Prime Minister Giuseppe Conte continues in office under the new political arrangement; clearly Salvini’s electoral gamble in leaving his coalition with Conti’s Five Star Movement to try to force new elections backfired spectacularly. Perhaps he did not foresee that the Five Star populists would join a governing coalition with the very political establishment the movement was founded to oppose. Many Five Star members will keep their parliamentary seats and positions in government in the process. One has to wonder how many of them will gradually migrate to the Democratic Party during the life of the new coalition.
The new government’s first challenge is to agree on a 2020 government budget. The coalition’s new 26-point political program makes it clear that its leaders will pursue an expansionary fiscal policy next year. The platform envisions a gift shop of higher minimum wages; no VAT increases; more spending on education, research, and welfare; and a new public bank to help boost growth in Southern Italy. Italy’s economic stagnation makes a well-designed fiscal stimulus a sensible policy, provided these steps are accompanied by economic reforms to boost labor force participation and productivity. The new coalition will need to agree on enough such pro-growth reforms to get Brussels to sign off on increased fiscal spending.

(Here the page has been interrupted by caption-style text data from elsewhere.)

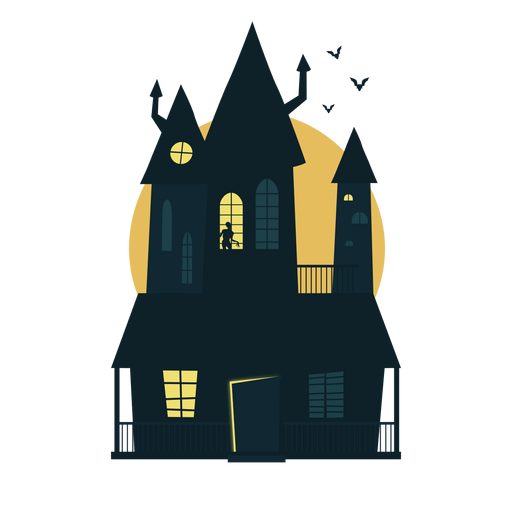 Casa embrujada de Halloween Diseño PNG
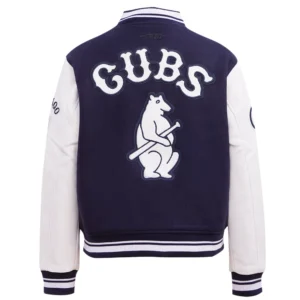 Chicago Cubs Retro Classic Women’s Wool & Leather Varsity NavyWhite Jacket 1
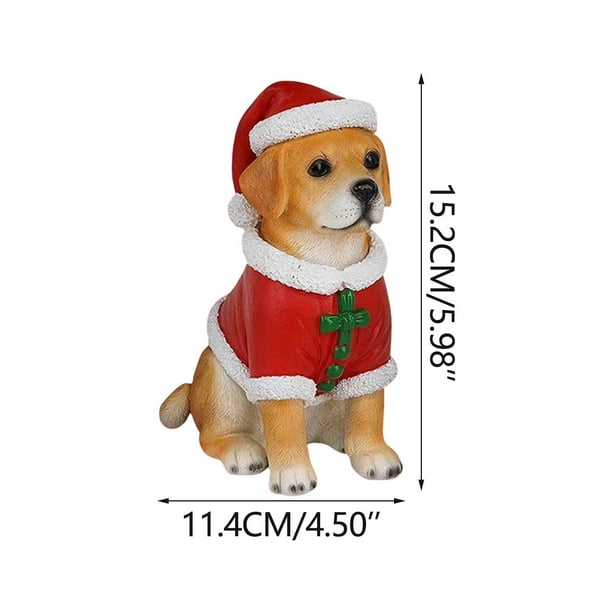 Perro Regalos de Navidad Sombrero de Navidad Lindo Perro Figurina - Cocker Spaniel Bichon Labrador Decoración Perro Sombrero de Navidad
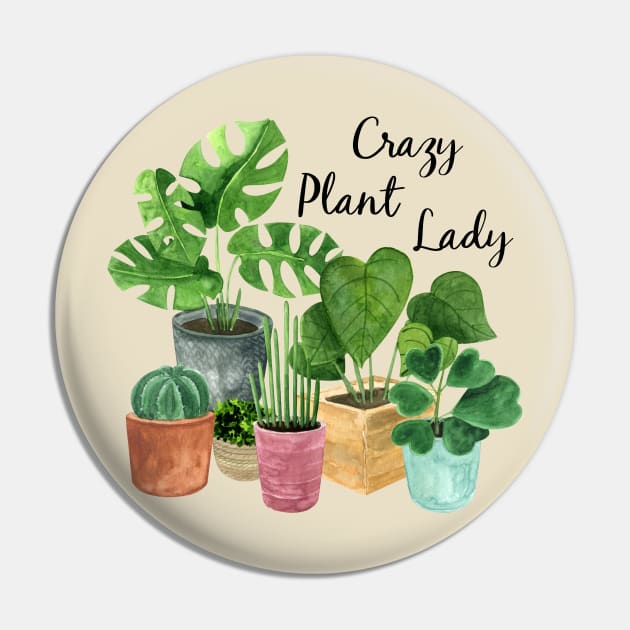 Crazy Plant Lady - Boho Houseplants Pin by Whimsical Frank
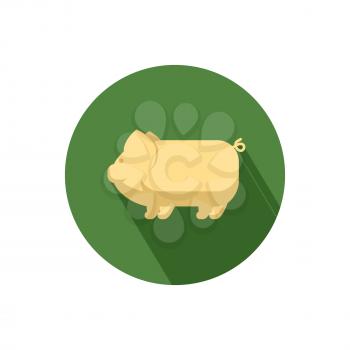 Pig icon with shadow in flat design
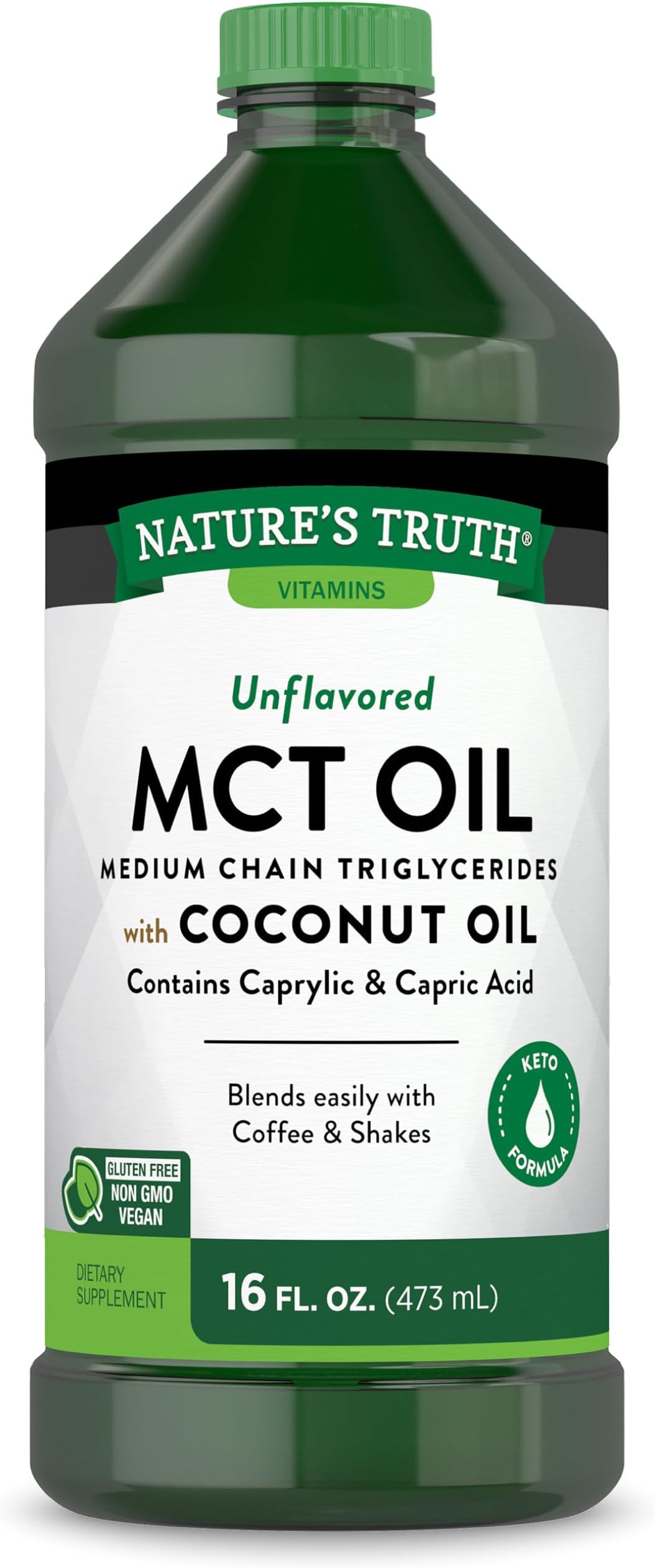 MCT 100% Pure Oil, Medium Chain Triglycerides, Unflavored, 16 Fl Oz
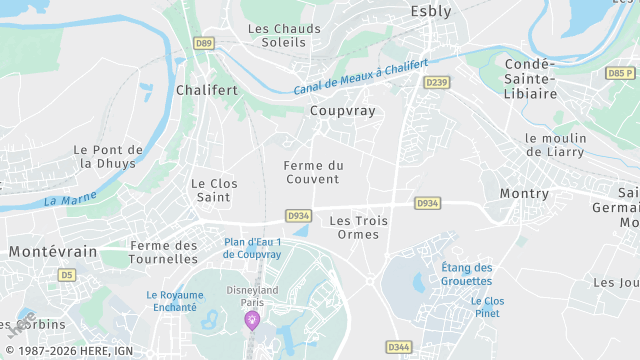 Carte de la zone d'intervention à Coupvray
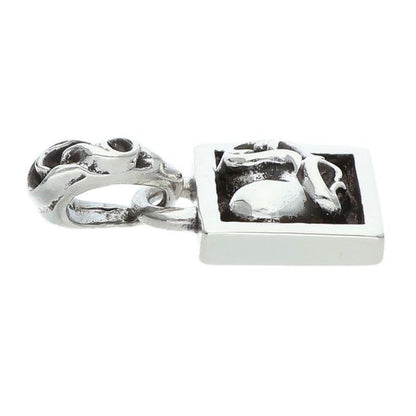 Chrome Hearts Framed Heart Charm Silver Necklace Top — view 3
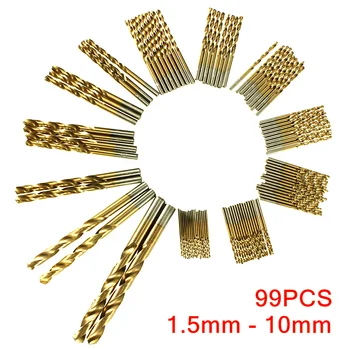 

99pcs Titanium HSS Drill Bits Coated 1.5mm - 10mm Stainless Steel HSS High Speed Drill Bit Set For Electrical Drill Tools HT706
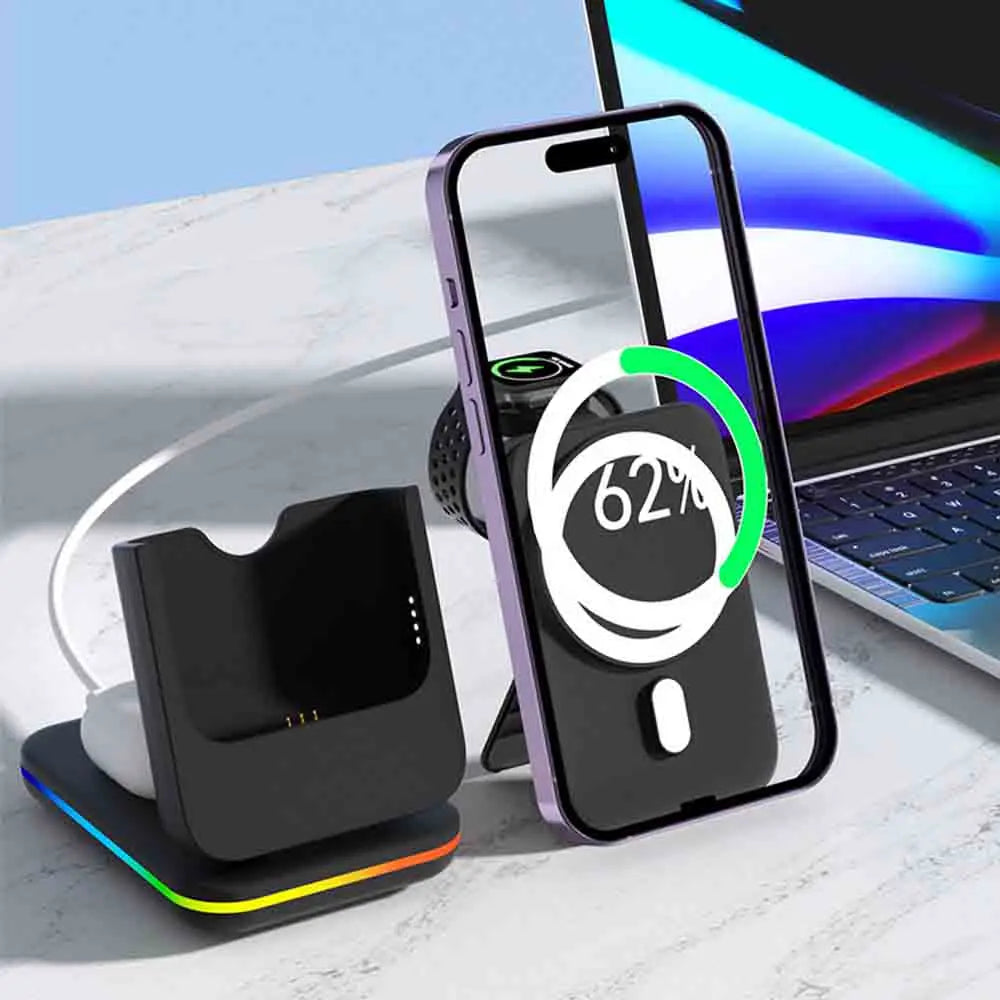 Portable Wireless Power Bank 23W – Magnetic Fast Charge for iPhone, AirPods & Apple Watch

The challenge of moving forward on these programs depends heavily on how Salvini fares as the new leader of the Italian opposition. Current polls suggest that his League Party could easily have won a snap election, a point underlined by his political opponents’ eagerness to avoid one. Moreover, given the risk of further economic weakness in Italy and the difficulties in passing a new budget, he might fancy forcing the new governing coalition to take responsibility for the economic hardships facing Italians. Taking advantage of such an opportunity could position Salvini well in winning the next Italian election due no later than May 2023.
But several issues also cloud Salvini’s political future. The new government may do unexpectedly better in economic terms than current projections suggest. And the new government is certain to publish all available information concerning Salvini’s financial dealings with Vladimir Putin in Russia, posing a political, legal, and financial risk for Salvini’s near bankrupt League Party. And lastly, if the new government is able to maintain the number of new immigrant arrivals in Italy at the current low levels, Italian voters may conclude that Salvini and his anti-immigrant tirades have been left behind by events,[1] reducing his electoral changes.
Italy, in other words, has moved—again—in the direction of stability in the short term, while facing long-term fragility of its economic and financial situation.
Note
1. Immigrant arrivals in Italy fell dramatically in late 2017 well before the Five Star Movement–League coalition came to power in May 2018.